Last week, we introduced a new section to The Session’s format. A content review, presenting recently released campaigns that are performing well alongside those that have missed the mark, for our guests to discuss. Without further ado, here is content selected for The Session’s interview with Alexandra Waring:
iZettle – For The Selfmade
iZettle’s For The Selfmade, is an incredibly colourful, luscious and high budget piece of content that ultimately, raises an important question; can powerful advertising really change the way that we behave? iZettle depicts a tech-driven Blade-Runner-esque view of the future, where each frame bursts with colour and robot’s appear to live side-by-side with humans. The campaign highlights the importance of independent companies and their resilience to stand against the big corporations. But does advertising like iZettle’s have the power to change the way consumers behave?

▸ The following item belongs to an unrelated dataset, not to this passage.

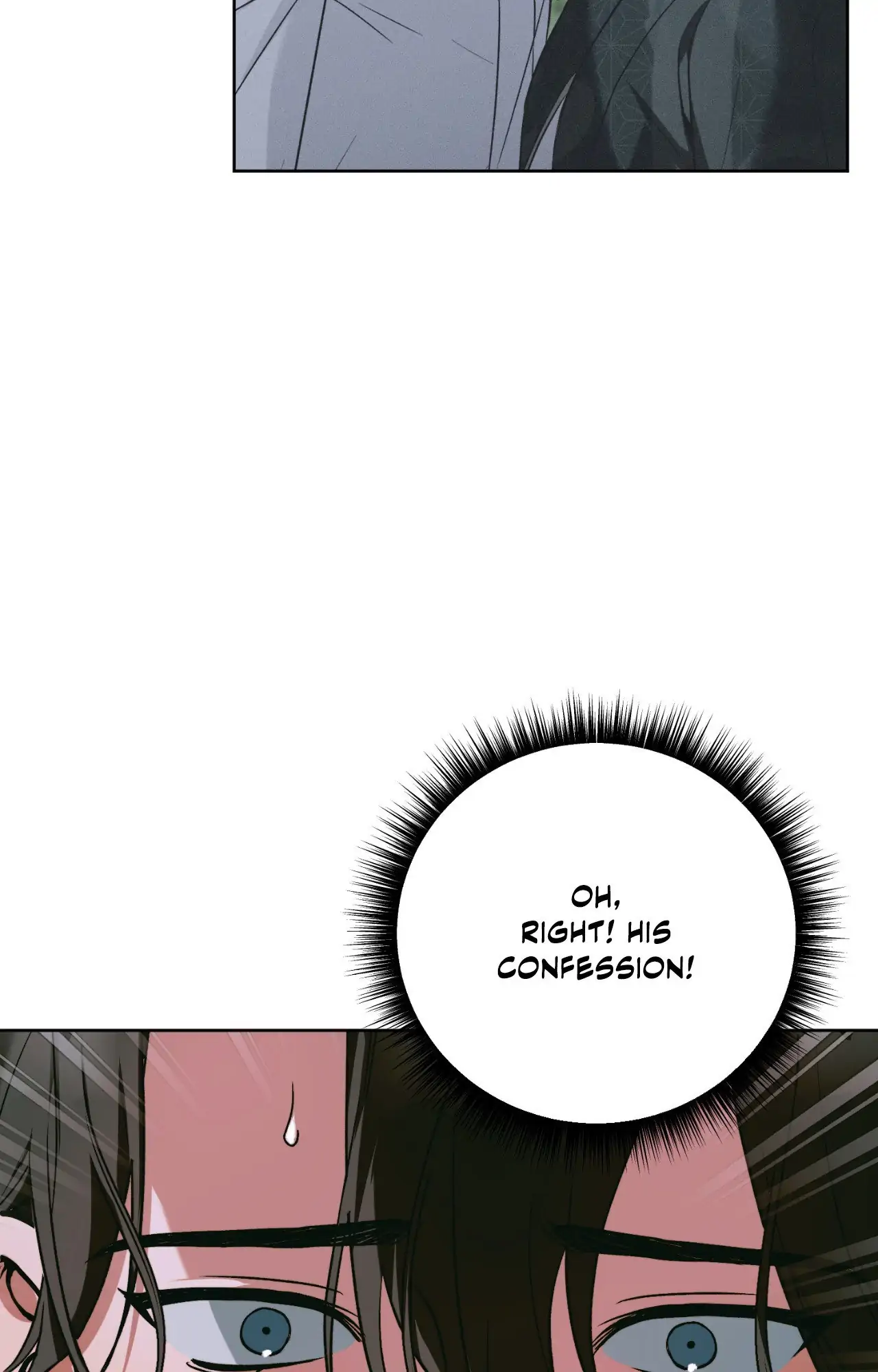 The Missing Master [Official] - Chapter 31 manhwa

Google India – The Lost Box
Google has always been incredibly inventive when it comes to the storytelling in their campaigns. The Lost Box is another example of this, telling the story of India’s independence, through the eyes of a photojournalist, a relative, and a box of photographs – Google illustrates the importance of photos, and the gravity they provide when piecing together historic moments. Although the technical services that Google provide were non-existent during the time of India’s independence, it alludes to the importance of documenting our past.

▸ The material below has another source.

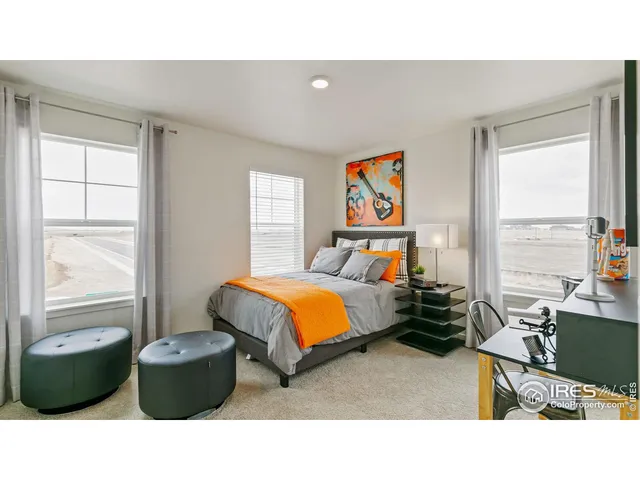 $509,500 | 4322 Gypsum Avenue, Mead, CO 80504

Make Meal Times Special with Coca-Cola
It’s understandable that when huge brands like Coca-Cola are perpetually releasing content left, right and centre – not all of those pieces of content are going to provide the same tingling sensation as Coca Cola’s famous Christmas lorries. This is a prime example of content that might be described as more filler than thriller. Whilst the advert is upbeat, familial and well-meaning – it feels very cheesy and ultimately forgettable. Surely Coca-Cola could approach their ‘bringing people together’ campaign with more authenticity?
iPhone X – Memory
Apple’s piece for the iPhone X’s face recognition software is equal parts entertaining and engaging. Whilst Apple’s content has always been fun and simplistic, we enjoy that they’re playing with humour to depict the mindset of their consumers. A simple concept; we have all forgotten a password for something, but, as always, an even simpler solution from Apple, face recognition technology that means you never have to remember a password again.
Green Peace – Rang-Tan
Green Peace’s campaign to raise awareness about the farming of Palm Oil uses emotion to grab your attention and hit you in the gut. Through Emma Thompson’s disarmingly charming voiceover and the storybook animation style, Greenpeace aims to educate younger, social-sharing-ready generations about the devastating effects farming have on our wildlife and on our environment.